Our second case is that of cocaine-induced LABD and is only the second report in the literature of this association. 10 LABD is an autoimmune disease involving IgA deposition in the basement membrane, which leads to vesiculobullous lesions. Histologically, drug-induced LABD shows neutrophil-rich subepidermal blisters, which were seen in our patient. The lack of mucosal involvement and remission upon strict cocaine avoidance points toward drug-induced LABD. In both our case and the previously reported case, treatment with dapsone resulted in the resolution of the lesions. 10
These two cases highlight the diversity of clinical presentations of cocaine-associated cutaneous disease. Dermatologists need to take a thorough history and consider screening for drug use, which is often required to confirm the diagnosis. Many patients will not feel comfortable disclosing their cocaine use due to fears of social and legal repercussions.
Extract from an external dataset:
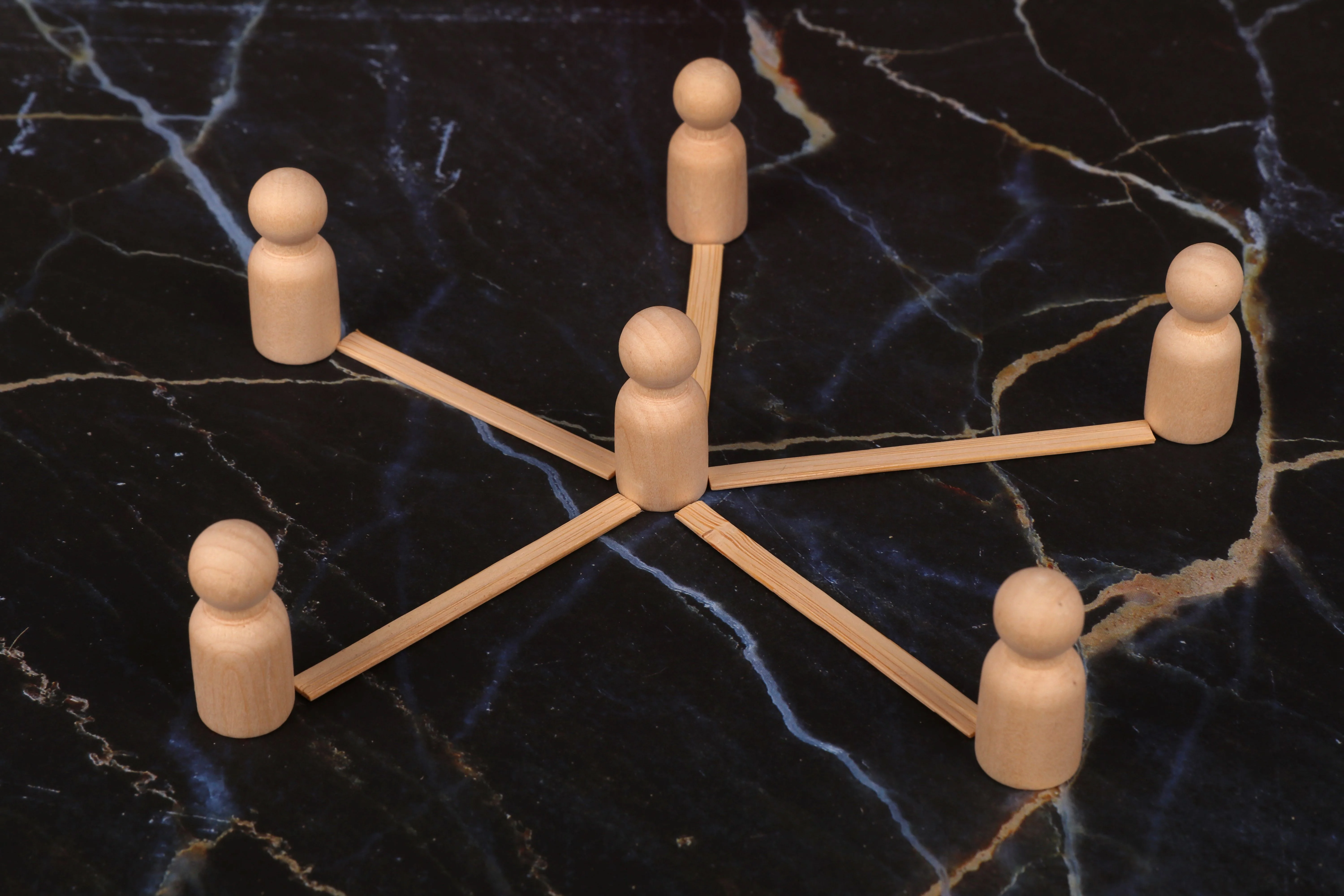 Wooden figures arranged in a network pattern, symbolizing community connection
In addition, we should consider a multidisciplinary approach to care and involve addiction services when warranted, as the mainstay of treatment is cocaine avoidance.
Footnotes
Acknowledgements
The authors would like to acknowledge the Dermatology staff at the University of Ottawa who assisted in the care of this patient.
Consent for publication
Written informed consent for patient information and images to be published.
Funding
The author(s) received no financial support for the research, authorship, and/or publication of this article.
Declaration of conflicting interests
The author(s) declared the following potential conflicts of interest with respect to the research, authorship, and/or publication of this article: Sophia Colantonio has received honoraria and participated in Advisory Boards for Sanofi and Abbvie. Mark G. Kirchhof has received honoraria and participated in advisory boards for Abbvie, Arcutis, Bausch, Boehringer-Ingelheim, Eli Lilly, Incyte, Janssen, LEO Pharma, Novartis, Pfizer, Recordati, Sanofi Genzyme, and UCB Pharma. Both Barbara Marzario and Daniela Cino do not have any conflicts of interest to declare.